WORK TO BE COMPLETED:
Read through the listing, and wherever a line holds the word "little", return it.

- Opening Delimiter -

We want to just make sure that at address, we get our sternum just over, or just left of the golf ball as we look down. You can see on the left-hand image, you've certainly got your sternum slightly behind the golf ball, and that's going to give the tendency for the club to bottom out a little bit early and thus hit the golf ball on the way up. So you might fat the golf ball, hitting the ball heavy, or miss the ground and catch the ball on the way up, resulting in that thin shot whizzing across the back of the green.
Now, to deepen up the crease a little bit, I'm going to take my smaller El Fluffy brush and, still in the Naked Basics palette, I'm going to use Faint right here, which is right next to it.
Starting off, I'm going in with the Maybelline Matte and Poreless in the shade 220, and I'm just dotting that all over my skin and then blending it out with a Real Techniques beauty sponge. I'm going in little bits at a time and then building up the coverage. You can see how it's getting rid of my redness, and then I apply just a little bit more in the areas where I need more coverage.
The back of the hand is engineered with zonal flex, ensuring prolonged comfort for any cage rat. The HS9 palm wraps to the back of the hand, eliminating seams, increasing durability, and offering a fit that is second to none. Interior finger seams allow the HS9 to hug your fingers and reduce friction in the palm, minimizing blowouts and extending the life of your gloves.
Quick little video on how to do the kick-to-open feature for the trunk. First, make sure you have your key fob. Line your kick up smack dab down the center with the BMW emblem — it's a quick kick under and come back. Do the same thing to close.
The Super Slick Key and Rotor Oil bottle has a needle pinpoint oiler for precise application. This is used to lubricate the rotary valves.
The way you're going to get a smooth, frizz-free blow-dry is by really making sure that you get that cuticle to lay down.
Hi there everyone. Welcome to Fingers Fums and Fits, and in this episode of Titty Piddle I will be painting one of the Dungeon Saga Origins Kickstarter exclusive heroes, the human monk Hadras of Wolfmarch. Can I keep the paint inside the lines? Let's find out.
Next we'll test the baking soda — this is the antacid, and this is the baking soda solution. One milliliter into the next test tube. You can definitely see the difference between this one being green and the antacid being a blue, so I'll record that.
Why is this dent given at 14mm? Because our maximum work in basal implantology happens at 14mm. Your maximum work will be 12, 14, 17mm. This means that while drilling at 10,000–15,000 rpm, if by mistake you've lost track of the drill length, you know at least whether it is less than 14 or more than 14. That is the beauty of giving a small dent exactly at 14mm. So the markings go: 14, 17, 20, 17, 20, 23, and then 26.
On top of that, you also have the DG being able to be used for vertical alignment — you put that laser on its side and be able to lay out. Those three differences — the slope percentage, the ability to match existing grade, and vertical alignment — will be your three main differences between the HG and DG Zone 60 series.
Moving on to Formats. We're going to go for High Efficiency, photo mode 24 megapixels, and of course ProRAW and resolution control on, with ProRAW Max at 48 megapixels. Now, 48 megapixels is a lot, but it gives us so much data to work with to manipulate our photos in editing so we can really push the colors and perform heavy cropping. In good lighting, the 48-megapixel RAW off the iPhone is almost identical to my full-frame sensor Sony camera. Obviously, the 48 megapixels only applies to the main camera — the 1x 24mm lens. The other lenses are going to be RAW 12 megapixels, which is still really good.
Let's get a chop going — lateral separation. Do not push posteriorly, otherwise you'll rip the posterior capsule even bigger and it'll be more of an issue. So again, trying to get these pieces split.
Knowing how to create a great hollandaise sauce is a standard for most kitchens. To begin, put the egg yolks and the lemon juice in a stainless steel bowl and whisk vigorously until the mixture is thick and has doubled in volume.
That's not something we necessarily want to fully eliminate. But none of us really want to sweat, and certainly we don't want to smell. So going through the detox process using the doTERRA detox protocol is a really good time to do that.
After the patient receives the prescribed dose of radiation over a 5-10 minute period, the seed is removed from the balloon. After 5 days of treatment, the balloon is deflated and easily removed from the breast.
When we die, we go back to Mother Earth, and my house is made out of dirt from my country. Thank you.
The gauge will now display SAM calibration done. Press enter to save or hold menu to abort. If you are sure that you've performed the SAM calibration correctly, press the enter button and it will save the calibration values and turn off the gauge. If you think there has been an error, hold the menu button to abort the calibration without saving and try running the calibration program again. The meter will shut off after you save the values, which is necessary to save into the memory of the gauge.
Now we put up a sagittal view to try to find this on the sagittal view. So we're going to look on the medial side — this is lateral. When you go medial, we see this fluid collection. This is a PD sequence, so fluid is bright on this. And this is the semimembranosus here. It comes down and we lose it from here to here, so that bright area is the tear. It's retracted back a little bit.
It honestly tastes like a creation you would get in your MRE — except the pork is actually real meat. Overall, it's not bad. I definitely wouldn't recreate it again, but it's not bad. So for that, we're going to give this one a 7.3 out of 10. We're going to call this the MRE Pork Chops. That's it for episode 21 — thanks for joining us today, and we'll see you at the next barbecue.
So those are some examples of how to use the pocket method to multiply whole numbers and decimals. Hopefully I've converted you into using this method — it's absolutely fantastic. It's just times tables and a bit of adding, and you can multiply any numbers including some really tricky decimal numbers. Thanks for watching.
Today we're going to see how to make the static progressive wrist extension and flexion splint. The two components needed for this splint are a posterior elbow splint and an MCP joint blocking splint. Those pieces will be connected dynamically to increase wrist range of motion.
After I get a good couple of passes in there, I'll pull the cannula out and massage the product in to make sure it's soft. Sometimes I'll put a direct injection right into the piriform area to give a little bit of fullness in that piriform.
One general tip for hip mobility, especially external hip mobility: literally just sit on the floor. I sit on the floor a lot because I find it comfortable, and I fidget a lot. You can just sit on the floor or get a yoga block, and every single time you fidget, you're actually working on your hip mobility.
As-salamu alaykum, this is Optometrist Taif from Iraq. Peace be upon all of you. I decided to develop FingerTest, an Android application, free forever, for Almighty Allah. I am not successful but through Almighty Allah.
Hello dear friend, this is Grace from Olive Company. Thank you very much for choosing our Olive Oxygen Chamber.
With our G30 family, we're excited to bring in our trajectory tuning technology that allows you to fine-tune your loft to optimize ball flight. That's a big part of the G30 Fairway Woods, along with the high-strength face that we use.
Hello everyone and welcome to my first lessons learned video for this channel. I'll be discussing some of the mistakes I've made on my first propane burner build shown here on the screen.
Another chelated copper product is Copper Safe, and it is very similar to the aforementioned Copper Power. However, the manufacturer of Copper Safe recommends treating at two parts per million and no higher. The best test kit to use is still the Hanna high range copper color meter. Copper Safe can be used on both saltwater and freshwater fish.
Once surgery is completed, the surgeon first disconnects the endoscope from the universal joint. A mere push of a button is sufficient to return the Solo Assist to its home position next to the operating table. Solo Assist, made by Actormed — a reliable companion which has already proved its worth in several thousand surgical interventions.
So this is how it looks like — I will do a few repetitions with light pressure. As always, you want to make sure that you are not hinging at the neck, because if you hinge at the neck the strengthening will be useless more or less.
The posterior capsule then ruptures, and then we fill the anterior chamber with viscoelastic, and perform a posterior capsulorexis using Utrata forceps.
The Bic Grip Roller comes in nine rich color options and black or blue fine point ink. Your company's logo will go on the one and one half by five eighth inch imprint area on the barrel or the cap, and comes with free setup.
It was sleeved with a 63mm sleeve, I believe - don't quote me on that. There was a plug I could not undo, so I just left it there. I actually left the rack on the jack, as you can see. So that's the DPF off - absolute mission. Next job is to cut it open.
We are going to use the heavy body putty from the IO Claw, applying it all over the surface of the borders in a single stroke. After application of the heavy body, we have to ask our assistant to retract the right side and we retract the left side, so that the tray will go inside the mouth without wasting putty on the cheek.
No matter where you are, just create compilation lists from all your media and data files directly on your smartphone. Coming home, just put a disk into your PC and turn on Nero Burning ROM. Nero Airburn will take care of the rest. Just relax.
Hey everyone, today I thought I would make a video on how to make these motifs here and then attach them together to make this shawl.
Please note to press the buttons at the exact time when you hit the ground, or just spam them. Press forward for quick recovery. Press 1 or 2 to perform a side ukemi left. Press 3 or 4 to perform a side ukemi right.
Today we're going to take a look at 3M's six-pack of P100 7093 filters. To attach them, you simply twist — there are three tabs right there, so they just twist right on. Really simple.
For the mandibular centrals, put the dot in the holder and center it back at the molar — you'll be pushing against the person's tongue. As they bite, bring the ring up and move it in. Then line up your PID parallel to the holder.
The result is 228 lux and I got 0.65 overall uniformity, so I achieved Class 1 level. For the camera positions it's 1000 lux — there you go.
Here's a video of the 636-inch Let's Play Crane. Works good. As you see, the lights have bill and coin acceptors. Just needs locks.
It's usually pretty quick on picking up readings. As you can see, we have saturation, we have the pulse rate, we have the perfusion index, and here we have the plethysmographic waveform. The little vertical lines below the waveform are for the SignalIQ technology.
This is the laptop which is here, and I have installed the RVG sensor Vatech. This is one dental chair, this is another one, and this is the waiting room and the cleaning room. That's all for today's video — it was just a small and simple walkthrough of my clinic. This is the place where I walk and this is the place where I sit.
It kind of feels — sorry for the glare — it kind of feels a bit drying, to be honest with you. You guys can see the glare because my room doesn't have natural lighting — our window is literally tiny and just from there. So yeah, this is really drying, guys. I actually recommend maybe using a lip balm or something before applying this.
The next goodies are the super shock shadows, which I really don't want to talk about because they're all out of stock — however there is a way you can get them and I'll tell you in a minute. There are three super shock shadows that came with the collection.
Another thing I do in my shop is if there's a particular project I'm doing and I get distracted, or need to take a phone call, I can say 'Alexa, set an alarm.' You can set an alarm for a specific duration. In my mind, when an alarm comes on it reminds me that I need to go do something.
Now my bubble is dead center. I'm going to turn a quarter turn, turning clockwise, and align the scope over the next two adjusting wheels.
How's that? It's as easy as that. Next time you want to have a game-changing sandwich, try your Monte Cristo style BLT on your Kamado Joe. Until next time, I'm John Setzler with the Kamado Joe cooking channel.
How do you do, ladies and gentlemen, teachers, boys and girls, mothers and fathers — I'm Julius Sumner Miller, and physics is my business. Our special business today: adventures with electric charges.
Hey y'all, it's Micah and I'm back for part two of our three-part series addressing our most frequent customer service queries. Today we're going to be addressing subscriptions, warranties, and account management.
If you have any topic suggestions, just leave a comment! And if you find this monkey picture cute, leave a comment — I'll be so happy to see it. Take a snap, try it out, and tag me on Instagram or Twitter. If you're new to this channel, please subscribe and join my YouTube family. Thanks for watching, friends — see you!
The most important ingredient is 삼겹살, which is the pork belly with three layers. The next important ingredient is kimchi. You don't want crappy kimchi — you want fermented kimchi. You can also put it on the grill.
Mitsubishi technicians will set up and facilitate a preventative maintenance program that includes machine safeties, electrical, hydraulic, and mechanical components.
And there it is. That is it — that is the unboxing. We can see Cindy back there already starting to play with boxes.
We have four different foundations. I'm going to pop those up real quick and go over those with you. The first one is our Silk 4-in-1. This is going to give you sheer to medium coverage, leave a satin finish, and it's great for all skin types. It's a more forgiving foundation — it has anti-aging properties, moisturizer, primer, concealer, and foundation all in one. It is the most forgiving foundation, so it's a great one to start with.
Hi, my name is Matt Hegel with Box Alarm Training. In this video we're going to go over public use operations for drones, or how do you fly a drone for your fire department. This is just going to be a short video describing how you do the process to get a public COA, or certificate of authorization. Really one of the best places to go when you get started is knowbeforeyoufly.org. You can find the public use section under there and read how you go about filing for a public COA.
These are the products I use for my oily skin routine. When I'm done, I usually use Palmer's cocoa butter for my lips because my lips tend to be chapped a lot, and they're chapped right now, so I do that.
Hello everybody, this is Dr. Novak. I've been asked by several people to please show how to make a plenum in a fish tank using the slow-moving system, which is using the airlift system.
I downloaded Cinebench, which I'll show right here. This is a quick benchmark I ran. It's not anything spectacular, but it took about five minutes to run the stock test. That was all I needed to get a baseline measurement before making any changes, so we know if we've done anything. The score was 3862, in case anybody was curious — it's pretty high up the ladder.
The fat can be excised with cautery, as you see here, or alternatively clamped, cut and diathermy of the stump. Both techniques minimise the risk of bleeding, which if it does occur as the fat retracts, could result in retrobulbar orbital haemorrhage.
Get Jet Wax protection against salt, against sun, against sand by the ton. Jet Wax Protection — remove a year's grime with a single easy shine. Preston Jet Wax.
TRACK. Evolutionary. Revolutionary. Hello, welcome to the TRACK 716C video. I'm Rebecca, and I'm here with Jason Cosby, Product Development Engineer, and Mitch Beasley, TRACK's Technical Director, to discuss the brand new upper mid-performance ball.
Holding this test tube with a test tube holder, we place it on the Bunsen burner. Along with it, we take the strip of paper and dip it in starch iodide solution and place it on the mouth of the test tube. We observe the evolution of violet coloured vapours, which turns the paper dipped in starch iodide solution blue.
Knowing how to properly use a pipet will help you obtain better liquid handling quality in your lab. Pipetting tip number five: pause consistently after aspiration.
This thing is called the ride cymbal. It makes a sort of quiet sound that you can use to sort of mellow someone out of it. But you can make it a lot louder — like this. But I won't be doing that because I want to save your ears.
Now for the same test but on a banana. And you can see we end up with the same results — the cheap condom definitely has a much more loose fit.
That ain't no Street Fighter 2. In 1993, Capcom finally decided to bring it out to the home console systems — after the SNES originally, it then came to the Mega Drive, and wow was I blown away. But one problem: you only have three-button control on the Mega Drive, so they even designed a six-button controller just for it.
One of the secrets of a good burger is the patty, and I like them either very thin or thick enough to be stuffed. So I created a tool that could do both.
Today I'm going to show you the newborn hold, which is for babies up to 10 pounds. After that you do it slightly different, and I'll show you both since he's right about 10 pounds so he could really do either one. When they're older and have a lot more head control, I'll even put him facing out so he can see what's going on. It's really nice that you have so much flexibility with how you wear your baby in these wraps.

- Closing Delimiter -

ANSWER TO THE EXERCISE:
We want to just make sure that at address, we get our sternum just over, or just left of the golf ball as we look down. You can see on the left-hand image, you've certainly got your sternum slightly behind the golf ball, and that's going to give the tendency for the club to bottom out a little bit early and thus hit the golf ball on the way up. So you might fat the golf ball, hitting the ball heavy, or miss the ground and catch the ball on the way up, resulting in that thin shot whizzing across the back of the green.
Now, to deepen up the crease a little bit, I'm going to take my smaller El Fluffy brush and, still in the Naked Basics palette, I'm going to use Faint right here, which is right next to it.
Starting off, I'm going in with the Maybelline Matte and Poreless in the shade 220, and I'm just dotting that all over my skin and then blending it out with a Real Techniques beauty sponge. I'm going in little bits at a time and then building up the coverage. You can see how it's getting rid of my redness, and then I apply just a little bit more in the areas where I need more coverage.
Quick little video on how to do the kick-to-open feature for the trunk. First, make sure you have your key fob. Line your kick up smack dab down the center with the BMW emblem — it's a quick kick under and come back. Do the same thing to close.
Now we put up a sagittal view to try to find this on the sagittal view. So we're going to look on the medial side — this is lateral. When you go medial, we see this fluid collection. This is a PD sequence, so fluid is bright on this. And this is the semimembranosus here. It comes down and we lose it from here to here, so that bright area is the tear. It's retracted back a little bit.
After I get a good couple of passes in there, I'll pull the cannula out and massage the product in to make sure it's soft. Sometimes I'll put a direct injection right into the piriform area to give a little bit of fullness in that piriform.
It's usually pretty quick on picking up readings. As you can see, we have saturation, we have the pulse rate, we have the perfusion index, and here we have the plethysmographic waveform. The little vertical lines below the waveform are for the SignalIQ technology.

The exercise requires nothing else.